Chapter 11 bankruptcy - named after the US bankruptcy code 11 - is most commonly declared by companies, large and small - individuals generally apply for Chapter 7 or 13 although in recent years more people have chosen Chapter 11.

Recent changes in the law have made Chapter 11 more appealing to individuals - a person who files Chapter 11 still has some control over such things as mortgage foreclosures and IRS issues. Around 1.6 million individuals declare bankruptcy every year – divorced women make up the biggest number. Filing Chapter 11 has become more common with people who have large debts

Not only is Chapter 11 the most complicated of all the bankruptcy options – it’s also the most expensive. There is no limit on the amount of debt involved and it’s the usual method that businesses choose. A business may be a huge multi-million dollar company or a small family owned business.

The biggest advantage of bankruptcy is that the process offers the chance to make a fresh start. You aren’t liable for previous debts or liabilities as long as they were included in the bankruptcy proceedings. If you declare bankruptcy, you will usually still keep your house and car and any earnings after bankruptcy has been declared – property and wages – are then exempt from claims of pre-bankruptcy creditors.

Perhaps the biggest disadvantage is that your credit rating will be adversely affected by bankruptcy – a bankruptcy may appear on your credit report for 10 years after the date you filed. It can be understandably difficult to obtain credit - a car loan, mortgage or credit card - for several years, if you are bankrupt. And you cannot file for bankruptcy again for another six years.

It’s a matter of public record if you declare bankruptcy and people can access this information fairly easily. Many people find to their surprise, that declaring bankruptcy isn’t a free process – you will incur various administrative and court costs, as well as any fees for an attorney. And you may still be liable for such things as taxes, student loans and child support.
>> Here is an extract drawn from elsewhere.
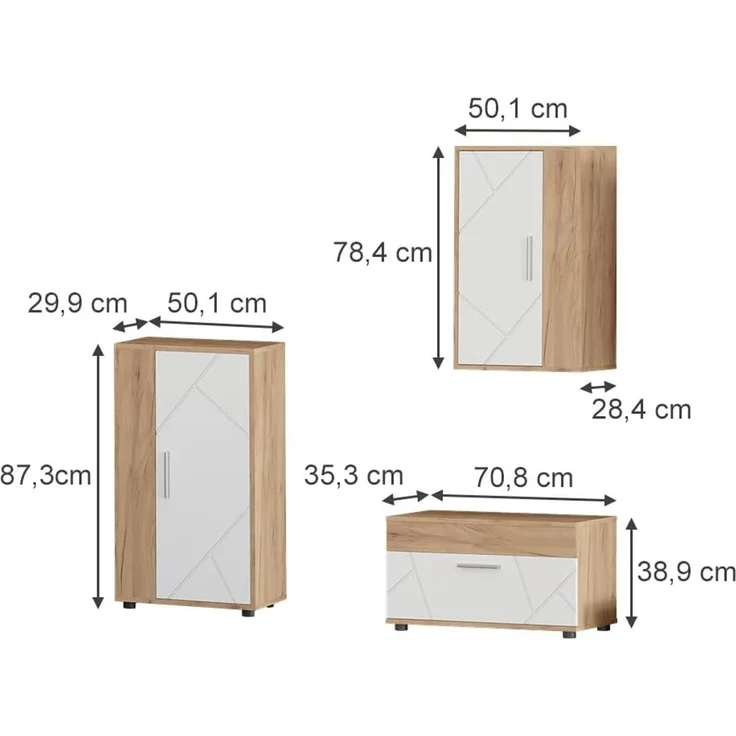 Wohnwand Berno Goldkraft Eiche/Weiß 3-teiliges Set Vicco – Bild 3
So how does a person actually declare bankruptcy? The first step in filing Chapter 11 is filing a petition with the court, and then devising a realistic plan to deal with debts. A business or individual will also need an attorney to help with filing all the paperwork correctly. 

Depending on the complexity of the case, the time taken for someone to emerge from bankruptcy varies considerably – it could be anything from several months to several years. During that time, if a person’s creditors cannot find any other solution, they may sell the person’s assets. 

Declaring bankruptcy can be emotionally difficult as well as financially – it’s never an easy choice to make. For many people though, it really is the only way to effectively deal with increasing debt.